Explore if you have complementary business synergies to present with https://www.zappistore.com/ (e.g your product could be a part of the Zappistore platform as an App.)

Best Wishes, N.Sankar https://www.linkedin.com/in/nsk007

Wow, this is super helpful, thanks! I will check out these resources.
Congratulations and best wishes!

I for one really liked the demo and the blog - specifically, (a) I have great exemplars for what you mean by "theme", and (b) this post[1] shows great insights into your thinking about the problem faced by your customers

> Developed on canonical text like news article or Wikipedia, they either failed to understand the variety of expressions, or were too hard to explain.

It appears to me that the current methods and resulting tools are heavily dependent on the problem formulation (or domain in general). Moreover, no matter how fancy your technique is (or "how deep is your net"), the resulting model won't work unless you take specific steps to train it on data from the domain.

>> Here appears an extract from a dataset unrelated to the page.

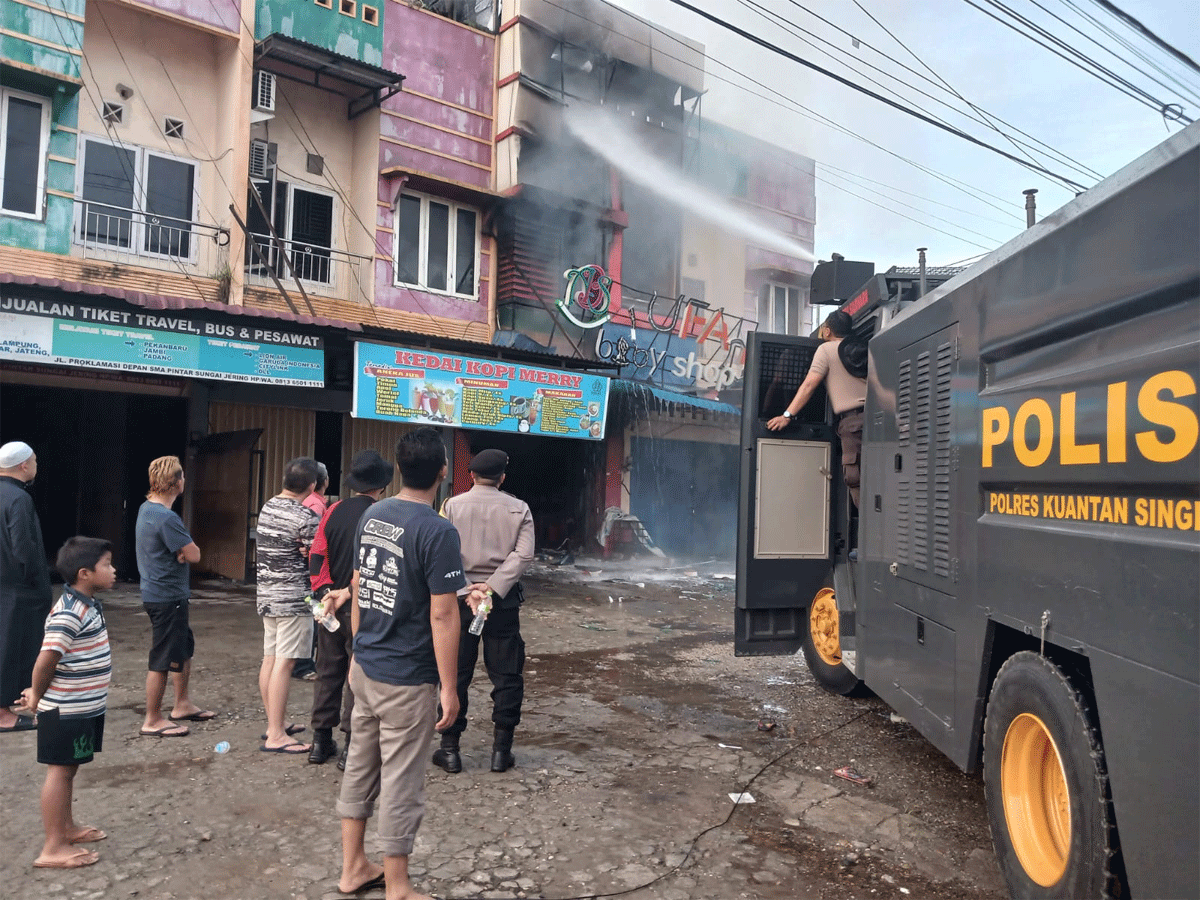 Mobil water cannon milik Polres Kuansing padamkan api di lokasi kebakaran.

Yes, what I just said sounds borderline truism. However, I am more interested in discussing why it is so? Here's my initial thinking:

Let us look at (one of) the definition of Machine Learning, from Prof Tom Mitchell's textbook, "A computer program is said to learn from experience E with respect to some class of tasks T and performance measure P, if its performance at tasks in T, as measured by P, improves with experience E."

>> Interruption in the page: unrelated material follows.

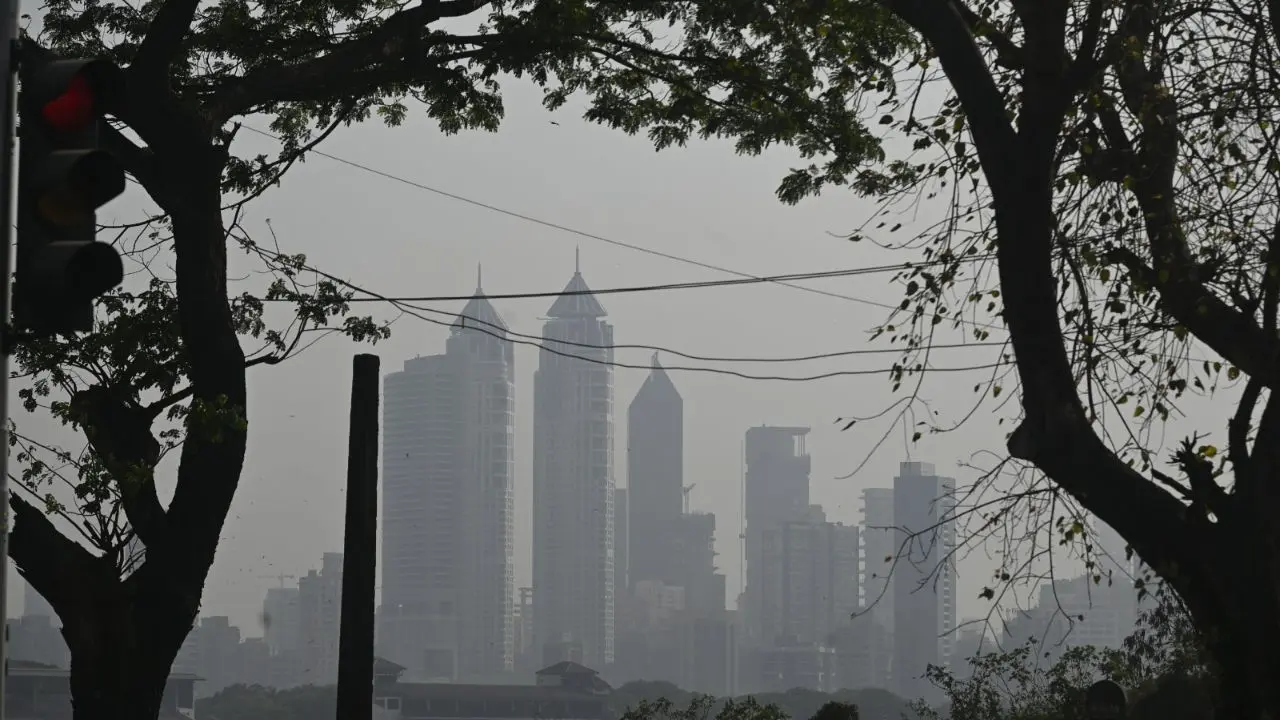 Mumbai's iconic skyline disappears behind a curtain of smog on Friday afternoon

Here, experience E can be loosely considered as the amount of data you have for training - obviously, more data (i.e. training) should improve learning. However, the abstraction of T and P hides an important underlying problem of specification - or in other words, formulation of T (and E).

Thoughts?

> I wrote a new approach [capitalizing] on my PhD and new Deep Learning approaches.

I hope we get to see some of your insights in a paper or article (or blog post :)

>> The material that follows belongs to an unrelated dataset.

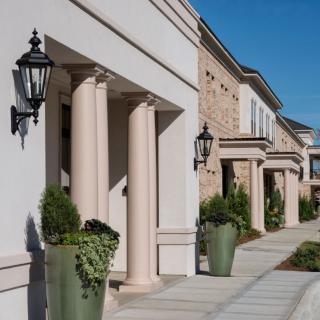 A row of buildings with classical columns and decorative lamps flanking a sidewalk on a sunny day.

[1] https://www.getthematic.com/post/visualizing-customer-feedba...

Thanks for your thoughts! Definitely sounds like an interesting thought to explore.

I like to think about ML in terms of how children learn language: through observation in their environment. The training data is a simulation of that environment.

Glad you liked the website and the blog post!

I really enjoyed reading about your company on Idealog (https://idealog.co.nz/technologymonth/2017/08/meet-thematic-...). It was especially great to see how you bootstrapped and found product-market fit rather than just raising a bunch of cash for an idea that may or may not be applicable in the real world. Congratulations on the launch and your success with YC. Go Kiwis!
Thanks so much! Appreciate the kind words. :)
Congratulations on your launch! This is very interesting and it's something that has great applicability. Being in financial services, we collect a ton of feedback and audio but not enough manpower to process it all. I love the themed approach but am curious about the subthemes. Would you be able to shed any light on that?

I'm also happy to make introductions if you're ever thinking about expanding up north to Canada.

Subthemes are basically more specific versions of the themes. Check out an example on our Twitch demo: https://demo-twitch.getthematic.com/#!/demo/main/dashboard/2... You will see a base theme "use chat", with subthemes like "chat in landscape mode", "chat on a tablet", "type in chat" etc. Does this help?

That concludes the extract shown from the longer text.